**Recorded data**
◆ ◆ ◆ ◆ ◆ ◆ ◆
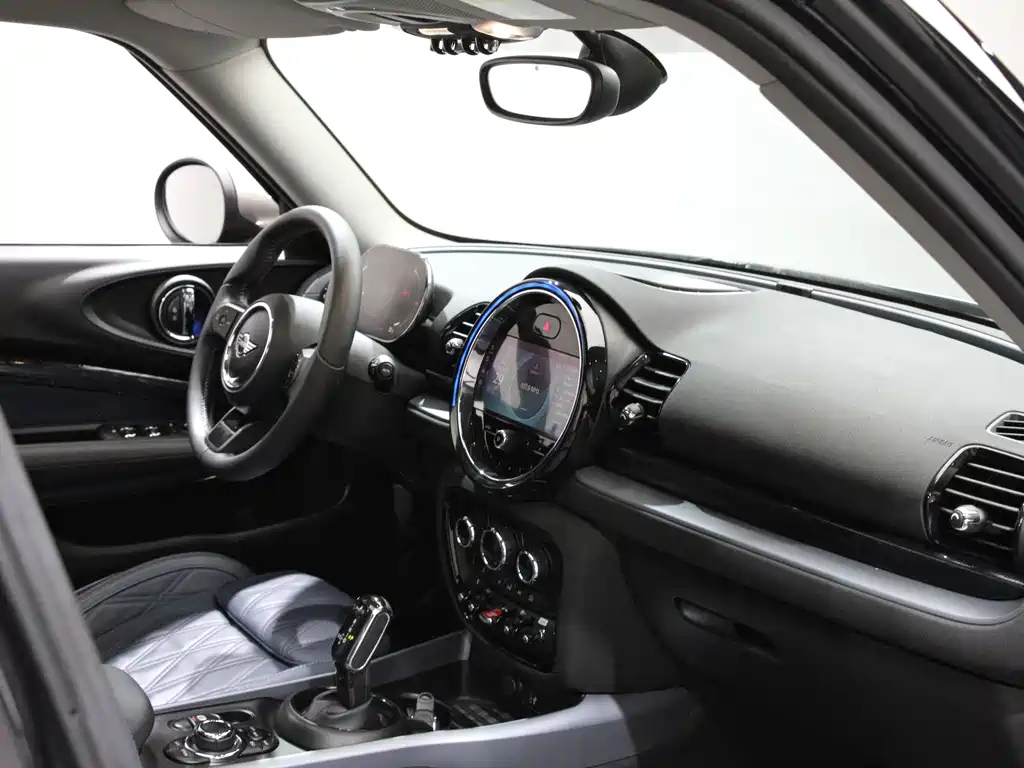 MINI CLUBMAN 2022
◆ ◆ ◆ ◆ ◆ ◆ ◆
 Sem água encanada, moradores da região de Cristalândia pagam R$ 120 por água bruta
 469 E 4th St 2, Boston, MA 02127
◆ ◆ ◆ ◆ ◆ ◆ ◆
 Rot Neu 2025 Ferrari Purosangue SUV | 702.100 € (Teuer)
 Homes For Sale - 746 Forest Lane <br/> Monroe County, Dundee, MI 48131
◆ ◆ ◆ ◆ ◆ ◆ ◆
**What you will do**
Extract from the listing above the lines between the line containing "Sem água encanada, moradores" and the line containing "469 E 4th St 2, Boston, MA 02127", keeping both of those lines. Output nothing else.

**Result for this exercise**
 Sem água encanada, moradores da região de Cristalândia pagam R$ 120 por água bruta
 469 E 4th St 2, Boston, MA 02127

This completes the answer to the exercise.